Silver e Nocera hanno cominciato a collaborare due anni fa, poco dopo Nocera si è trasferito ad Harvard al MIT. Hanno condiviso un interesse comune quello dell'”energia personalizzata”, insieme all concetto di rendere l’energia localmente, a differenza del sistema attuale, che nell’esempio di olio, possiede una produzione centralizzata e quindi inviata alle stazioni di gas. Il mondo dell’energia solare, è un mondo aperto ancora tutto da scoprire. La foglia artificiale di Nocera dipende da catalizzatori ottenuti da materiali che sono poco costosi e facilmente accessibile.

“I catalizzatori che ho fatto sono estremamente ben adattati e perfettamente compatibili con le condizioni di crescita necessari per gli organismi viventi, come un batterio. Nel loro nuovo sistema, una volta che la foglia artificiale inizia a produrre ossigeno e idrogeno, l’idrogeno viene alimentato ad un batterio chiamato Ralstonia eutropha. Un enzima prende parte al rilascio di ioni di idrogeno insieme a protoni ed elettroni, il quale dopo li combina con l’anidride carbonica per produrre più energia.”

Successivamente, sulla base delle scoperte fatte in precedenza da Anthony Sinskey, professore di microbiologia e di scienze della salute e della tecnologia al MIT, sono stati metaforicamente progettati nuovi percorsi nel batteri per generare isopropanolo.

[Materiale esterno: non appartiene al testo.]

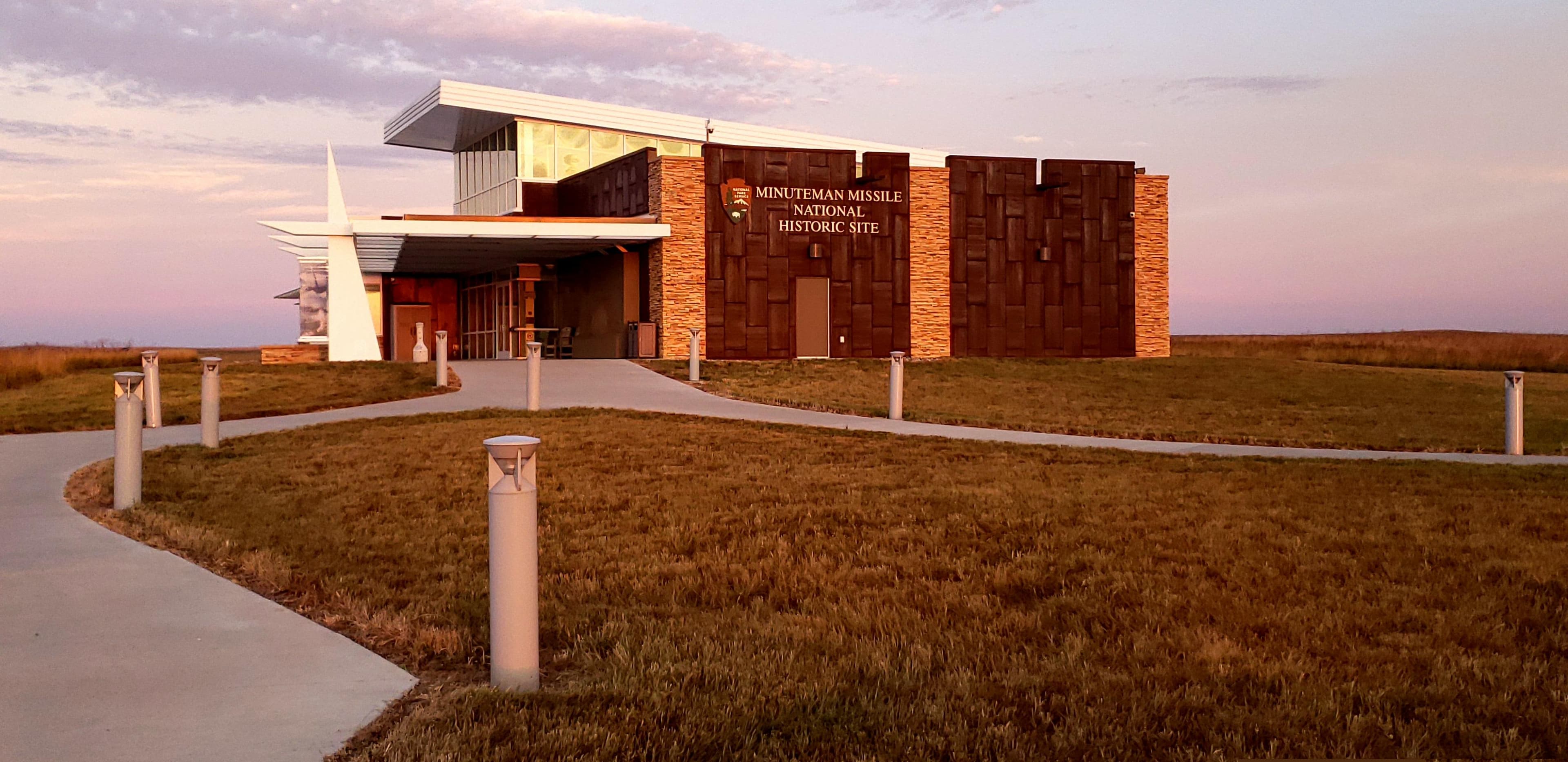 Minuteman Missile 003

“Il vantaggio dell’utilizzo di un catalizzatore inorganico combinato con la biologia è che si ottiene una piattaforma senza precedenti per sintesi chimiche che non si possono ottenere con i soli catalizzatori inorganici. La produzione di energia chimica dal sole è il cuore di questo lavoro, e finora abbiamo usato le piante per questo, ma stiamo sfruttando le conoscenze per fare un sacco di composti.”

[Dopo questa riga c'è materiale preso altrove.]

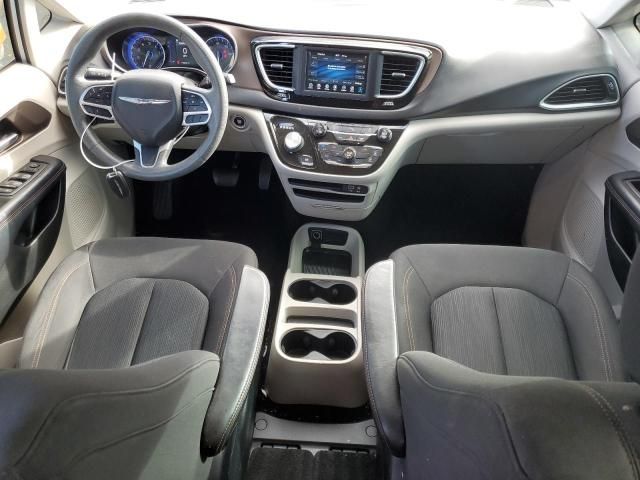 2018 Chrysler Pacifica LX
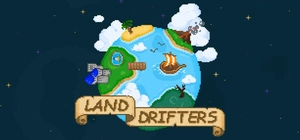 Land Drifters cover Land Drifters cover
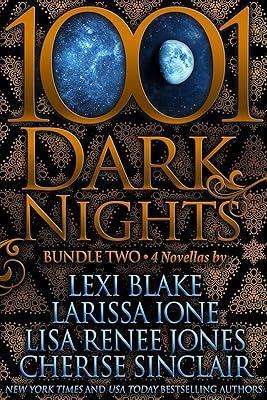 1001 Dark Nights: Bundle Two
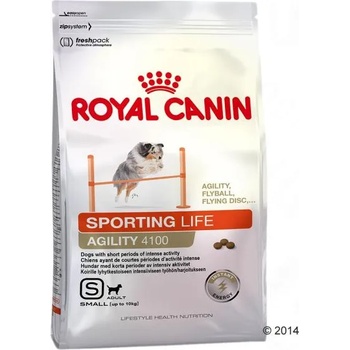 Royal Canin Sporting Life Agility 4100 Small 7,5 kg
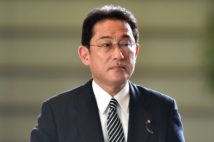 岸田文雄 政調会長（写真／アフロ）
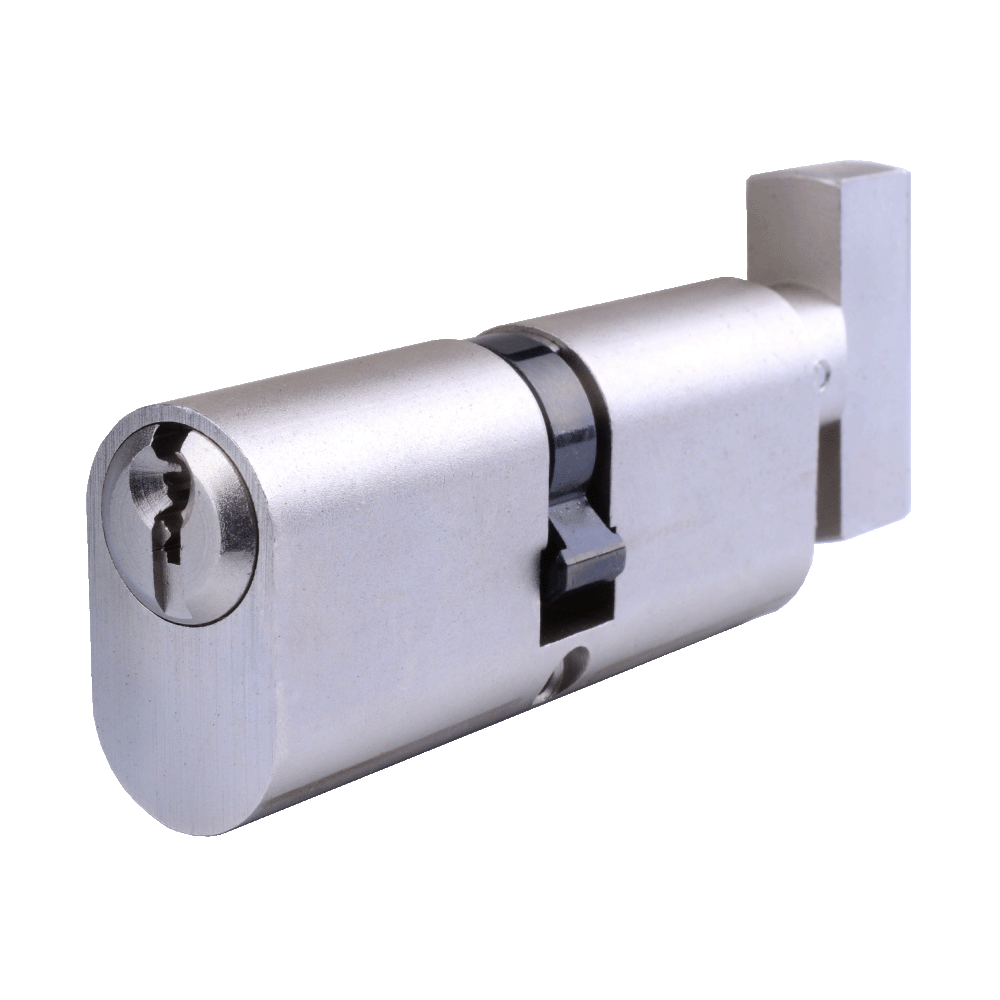 OVAL Series Thumb Turn Cylinder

Secondo Silver, gli stessi principi potrebbero essere impiegate per produrre farmaci come vitamine in piccole quantità. La prossima sfida della squadra sarà quella di aumentare la capacità della foglia bionica di convertire l’energia solare per la biomassa, ottimizzando il catalizzatore e batteri. Il loro obiettivo è al cinque per cento di efficienza, rispetto al tasso naturale dell’un per cento di efficienza per la fotosintesi, necessitata per trasformare la luce solare in biomassa.

“Siamo quasi ad un tasso di efficienza pari 1 per cento per convertire la luce solare in isopropanolo. Ci sono stati 2,6 miliardi anni di evoluzione, e Pam e io lavorando insieme un anno e mezzo abbiamo già raggiunto l’efficienza della fotosintesi.”